Predictive Customer Churn: The Case of Energy Retail

Customer retention is one of the boldest challenges for energy retailers. The sector deregulation and increasingly high competition in the retail side, sparked the development of customer analytics.

In view of this market driver, Wiimer has built an highly accurate machine learning model, based on energy retail BigData. Our data scientists have managed to select and normalize meaningful variables to boast the model accuracy.


Fig. 1: Illustrative Customer Churn Rate (left) and Churn Rate per Region (right)

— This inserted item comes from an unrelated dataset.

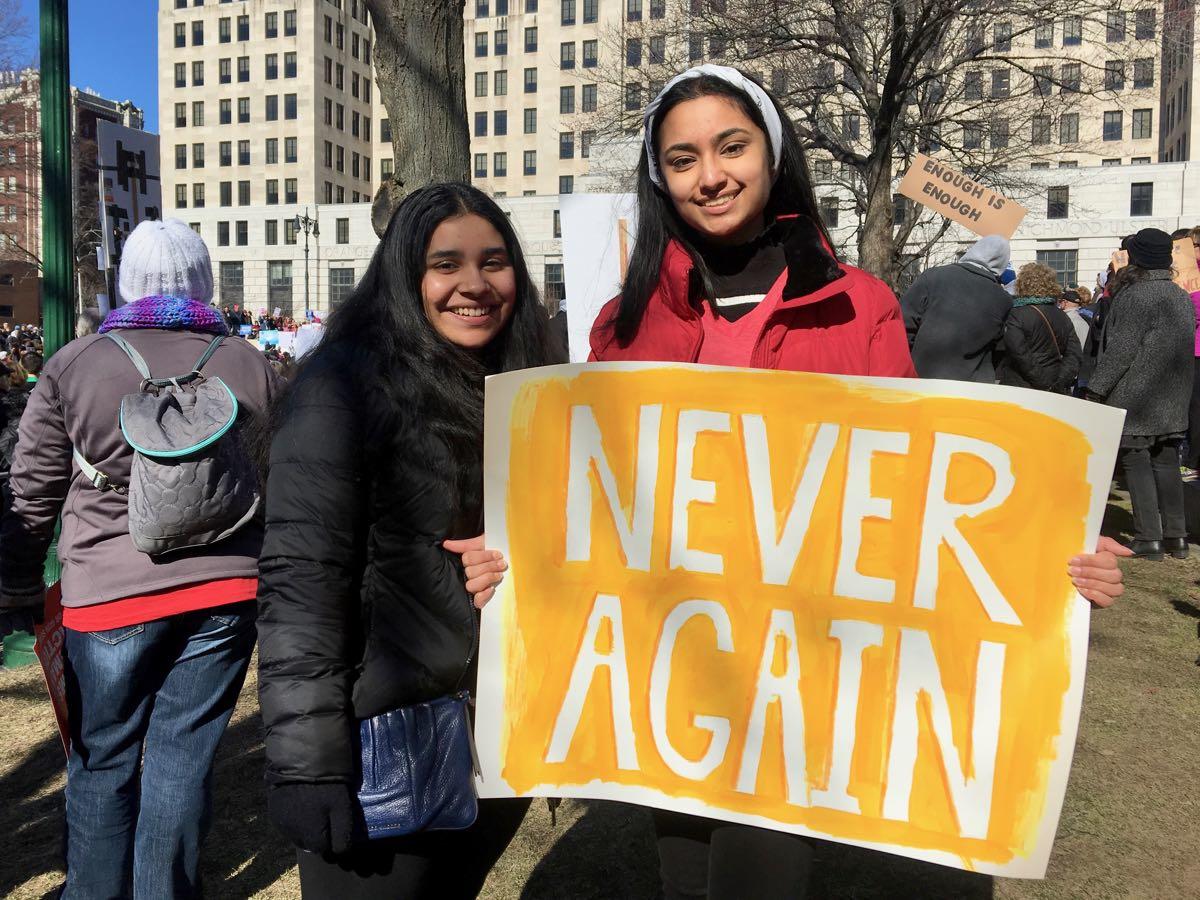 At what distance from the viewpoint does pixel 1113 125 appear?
60.6 m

The variables set should describe the customer "personas", including demographic attributes (age, education, income, family), commercial variables (retailer replacement, complaints, multi-utility supply, payment mode, debts, contract duration, house ownership) and technical features (demand, peak load, tariff scheme).



Fig. 2: Churn Rate per Age (left) and the effect of the number of retailer replacements on customer churn (right)


Amidst the development of the learning algorithm, one identified the most determining variables for the current illustrative retailer. Besides the complaints level (traditionally critical), the mode of payment is one of the most decisive factors in what pertains to client churn. Indeed, customers with direct debit tend to be rather loyal to the retailer. Still the frequency of retailer replacement becomes a good learner with the increase of supplier changes.


Fig. 3: Churn Rate per complaint level (left) and Churn Rate per payment mode (right)


Finally, the dataset was computed with different learning algorithms. Boosting ensemble models turned to lead to the highest performance metrics, especially AdaBoost which reached more than 90% of accuracy.


Fig. 4: Algorithm confusion matrix (left) and ROC curce (right)


Wiimer's decision-aid approach goes beyond the traditional predictive churn models. Besides analyzing endogenous historical data (from the retailer's customers), one has developed a "game theory" methodology to integrate the competitors attributes in the market. Following this method, each churn classification is subject to an additional score based on the combination of the "Best-in-class" per attribute. The retailers "Best-in-class" rate is provided by the Net Promoter Score (NPS), that should be periodically measured.


Fig. 5: NPS for Service Quality (left) and Price (right) of the retailers A, B and C


The risk model is finally built by combining the predictive Churn Index (blending the learning algorithm with game theory) with the customer Criticality. In this case, Criticality was assumed to be a purely financial index, i.e. the annual revenues generated from each customer.


Fig. 6: Risk model for Energy Customer Churn